= Shiloh, Madison County, Georgia =

Settlement in Madison County, Georgia, United States

Shiloh is an unincorporated settlement in Madison County, in the U.S. state of Georgia. It is a crossroads at the intersection of Highway 174 and Jones Chapel–Shiloh Road/Shiloh–Fort Lamar Road 5 mi northeast of Ila.

Shiloh is popularly known as Coonrod, and was also formerly known as Norcross, from the Norcross School, which closed in 1948, which was "north of the crossroads".

==History==
The Baptist Church of Christ at Shiloh was founded in 1869 and moved from Bond to its current location on the east side of the cross when the original church burned in 1889

A country store on the south corner, Dean & Tyner, predated the Civil War.
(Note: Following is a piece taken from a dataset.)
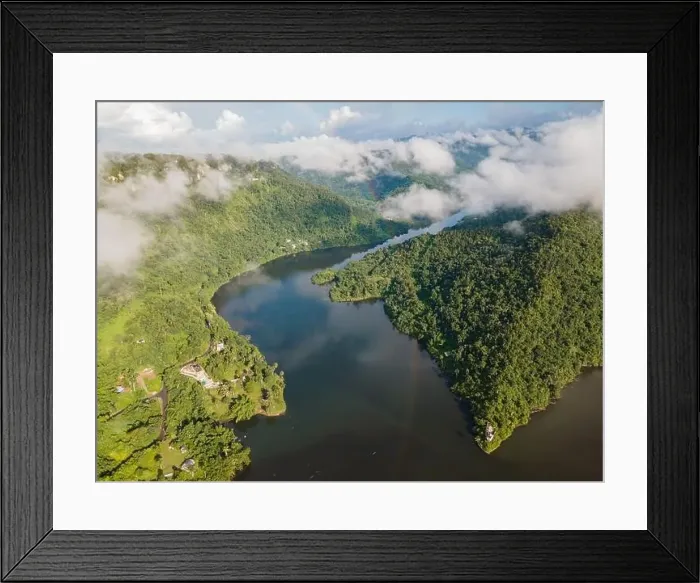 Framed Print : Drone view of calm winding lake streaming through hilly valley covered with dense forest and clouds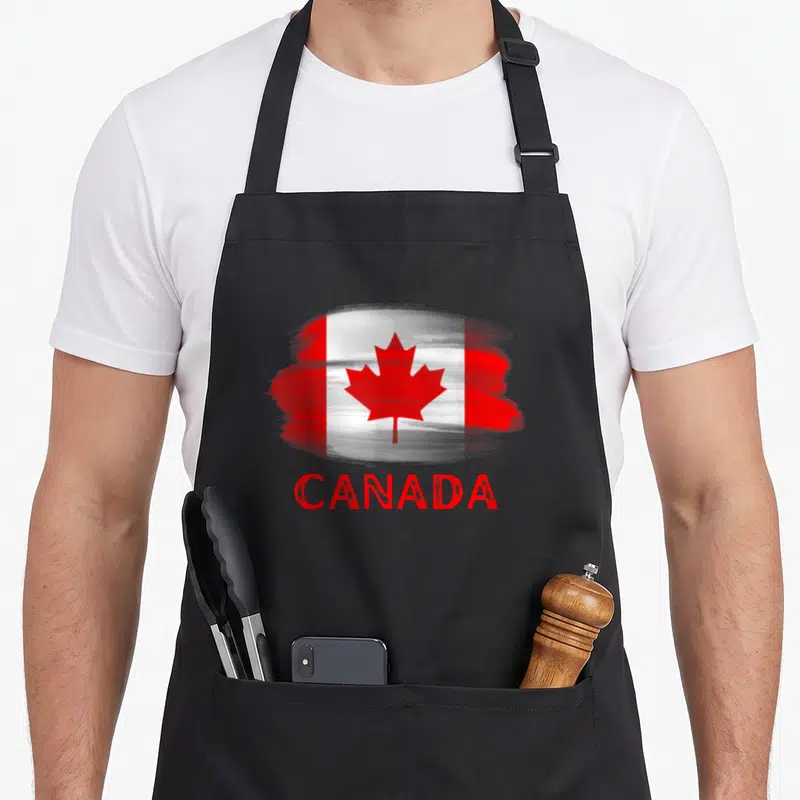 Tablier de cuisine noir avec un motif représentant le drapeau du Canada stylisé et l'inscription CANADA en rouge.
This store was the social focus of the community and the name "Coonrod" came from a chart posted to record who brought in the longest "coon rod" or raccoon baculum (penis bone), which were filed down for use as toothpicks.

The Shiloh Evangelical Methodist Church (today Danielsville Evangelical Church) replaced the Norcross School.

Today, the Shiloh Community Volunteer Fire Department Station 1, standing on the site of the Dean & Tyner store, and the Shiloh Baptist Church are the only permanent structures at the crossroads.